We had a not-so-early start leaving Barrie to head to Ottawa via Algonquin Provincial Park (it’s amazing how many things you can accumulate in just a month – even more amazing that it still fit in the car!). We were excited to start off our trip by returning to the place we had enjoyed so much only a few months ago on our way to Ottawa (the extra hour or so detour was well worth it). We knew we would probably have missed the autumn colours in Algonquin (it seems the seasons change a bit earlier there than more Southern Ontario) so were ready for a nice drive with lots of leafless trees. What we did not expect in October was snow!
We had planned to go for a hike but being unprepared for this weather we just did a few short walks to enjoy the scenery before rushing back to the car for warmth. Photos describe much better than words, so here are a few highlights – fortunately, the snow and ice was limited to the trees and footpaths and the roads were clear and ice-free.

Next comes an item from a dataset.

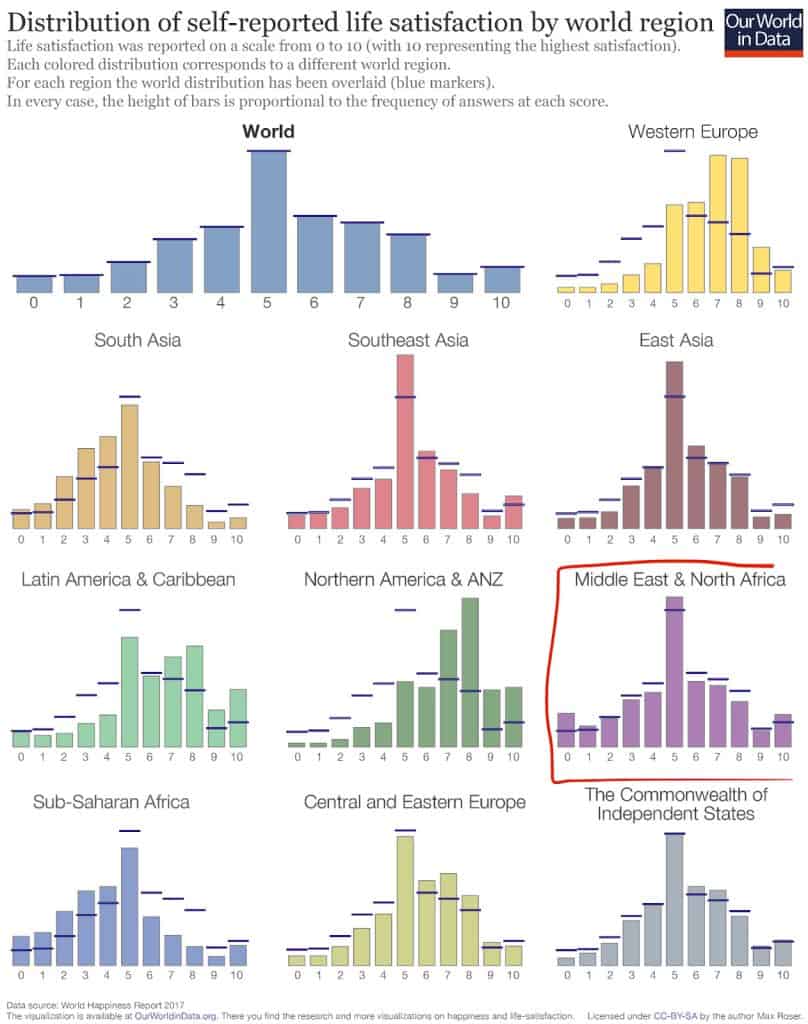 Bar chart illustrating life satisfaction levels reported in different parts of the world.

After the nice surprise that was a snowy Algonquin we continued to the end of Highway 60 through a number of small towns (the smallest population we’ve seen so far is 1300!) and the further we went to more colours we saw in the trees! By the time we arrived in Ottawa it was dark and chilly – winter is definitely on its way! Given the time of year, we chose to stay in supposedly the cities most haunted location– a former jail converted to a hostel. We may not have seen any ghosts but we were greeted by a rather aggressive racoon which was the size of a bear (okay, a medium sized dog!) rifling through the bins which was enough spook for us for one night.
We climbed the old metal staircase (with holes in the step so former guards would know who was coming by seeing their shoes) and walked along cool echoing corridors to our cell. The hostel is heated but you could still feel the chill in the draught that would have blown through the prison back when the windows were just bars. Our cell was cosy and was actually two cells wide, roughly 2m x 4m with a bunk bed and striped bed linens. When the jail was functional there would have been up to four prisoners per cell (overcrowding was an issue, the cells were only built with one or two people in mind). The overcrowding would have been really unpleasant during the summer months but were told that it could have been a blessing during the cold winter months as the winds would blow directly into the cells. We were warned of the haunted cells – it’s not unusual for guests to retreat to the front desk at night for being too scared to sleep – but there were no hauntings tonight and we got a good night sleep.
In the morning we toured the hostel and found it quite harrowing to see how people lived, the most poignant and sobering being death row and the walk to the gallows which was over the courtyard. Prisoners would be moved up cell by cell as they got closer to meeting their fate – final cell was the furthest from the gallows though, so the other prisoners would see you walking past. It’s strange to think that this place is now somewhere to be enjoyed by travellers from around the world.
We spent the rest of the morning looking around Ottawa – we walked to Parliament Hill (which had a lot of ongoing construction but the buildings were still impressive) and we walked along the canal for a while. It was very chilly and there were some small flurries of snow. By lunch time it was time to continue on our journey so we got back onto the road and headed for Montreal.